CIMMYT maize physiologist supports development of new climate-resilient maize varieties that help resource-poor Asian farmers protect their food and income security.

Growing up on a rainfed farm in India, P.H. Zaidi learned how smallholder family farmers adapted their farming practices to meet weather challenges, such as dry spells or excessive rain. For the most part, small changes to their crop selection and timing of field operations maintained a wholesome harvest.

As time passed Zaidi witnessed farmers in his hometown and beyond struggling against increasingly extreme and erratic weather events. The Asian tropics have now become hotspots for climate change effects and associated variabilities, said the maize physiologist who works with the Global Maize Program of the International Maize and Wheat Improvement Center (CIMMYT), based in Hyderabad.

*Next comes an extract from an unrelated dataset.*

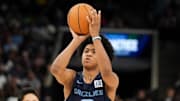 Grizzlies' Jaylen Wells (0) shoots the ball while playing knockout during open practice at FedExForum in Memphis, Tenn., on Sunday, October 6, 2024.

“Rainfed farmers produce most of the food for people in Asia, but without sufficient supplemental irrigation systems they are heavily dependent on monsoon rains,” Zaidi said. “Climate variability can be devastating for family farmers who are unable to foresee erratic changes in weather patterns.”

“An extreme weather event can negatively affect household food security and income, which in turn results in a deterioration of capacity to deal with future shocks,” he explained.

Nearly half a billion people in Asia lack access to nourishing food. The Food and Agriculture Organization of the United Nations (FAO) finds climate change-related disasters and a lack of clean water are the main causes of persistent hunger in the region.

Zaidi believes farmers are born innovators and, with the right tools and know-how, they can ensure a healthy harvest despite year-to-year climate variability. He has dedicated his lifework to researching new agricultural technologies that help resource-poor farmers to protect their food and income security.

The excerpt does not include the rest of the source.